Review Author: Tina Hartas

Location

Content

3.5*

In these short stories, the author gives voices to locals in Nottinghamshire, who perhaps would rarely get themselves heard. Each story ranges across genres, including several coming-of-age pieces. Indeed the author refers to his collected works as “Small Stories“.

The presentation, with quality binding, is 17x24cm, so it is an unusual size, comprising c 78 pages of text.

The author has chosen various themes and storylines, focussing on people who are getting by – just and sometimes on the edge of society. The text is easy to read with casual strands of dialogue and vernacular, and flowing consciousness and observations. The opening story features a young man who has met the devil but who IS the devil? Another woman is adding to her collection of garden gnomes and yet another is clearing up after an assault by the man in her life. Memories go back to childhood, the love of nature after observing a squirrel (eating a Kit Kat). “The Word” has an obscure premise. “Fag Ash” tells the story of an explosion in a local factory – the storyteller has been asked to share and goes off on a tangent to talk about the piano at Terry’s house and his Uncle Pete.

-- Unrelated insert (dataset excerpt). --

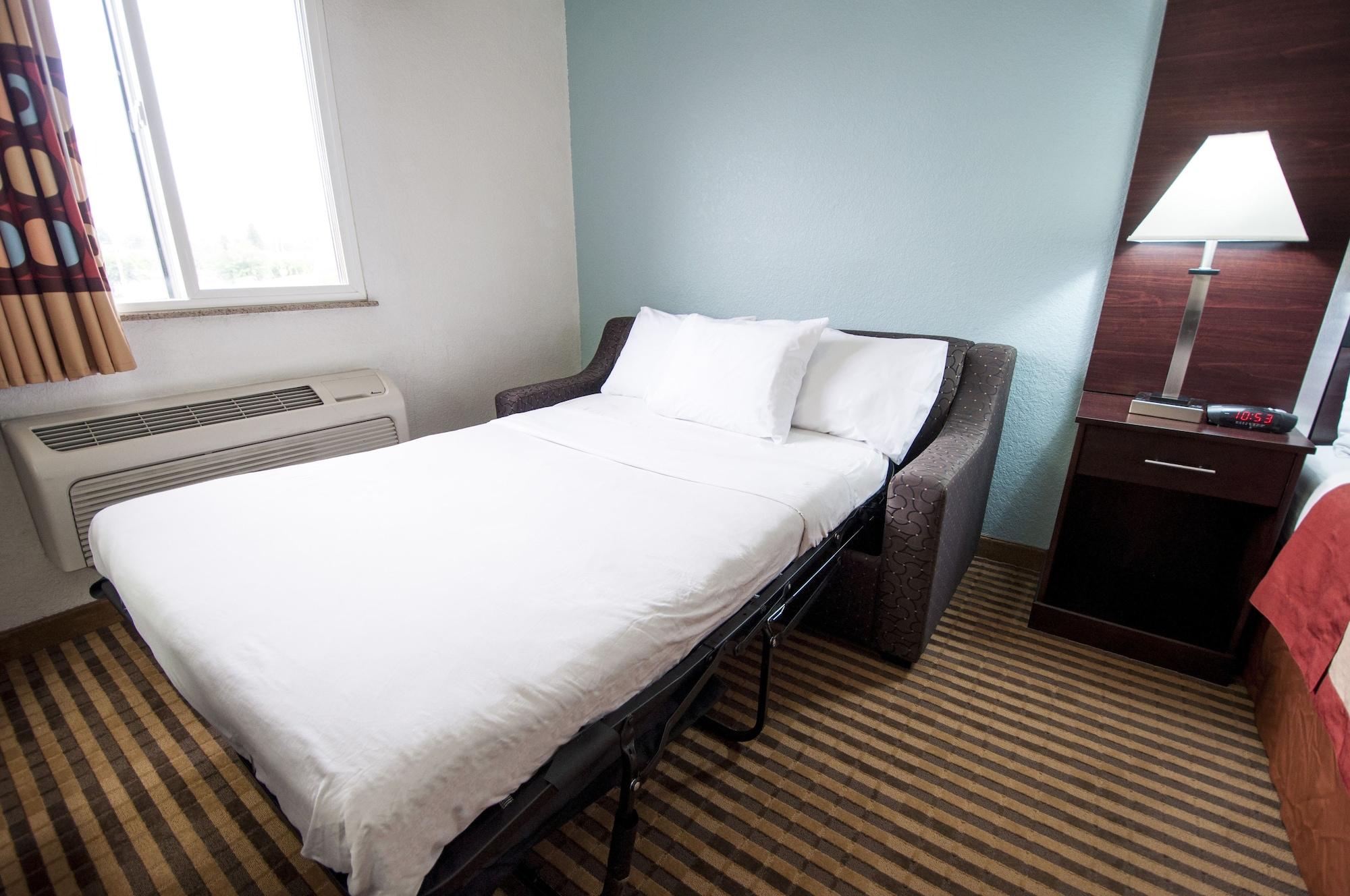 Quality Inn Wenatchee-Leavenworth Екстер'єр фото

These assembled stories bring the reality of life in the former Nottinghamshire coalfields to the reader. Short, sharp and gritty, and at times depressing.

The cover image is striking but it did rather give me the cold creeps –  sadly, it would not inspire me to pick it up. Inside the book there are a couple of further black and white photographs, dark and blurred, which are no doubt included to add a spooky and bygone atmosphere to the stories, but they looked as though they had been taken through the windscreen of a moving car. The question is then raised about judging/not judging a book by its cover, because there is some very decent storytelling within the pages of this book. I do wonder, ultimately, at whom this set of stories is aimed.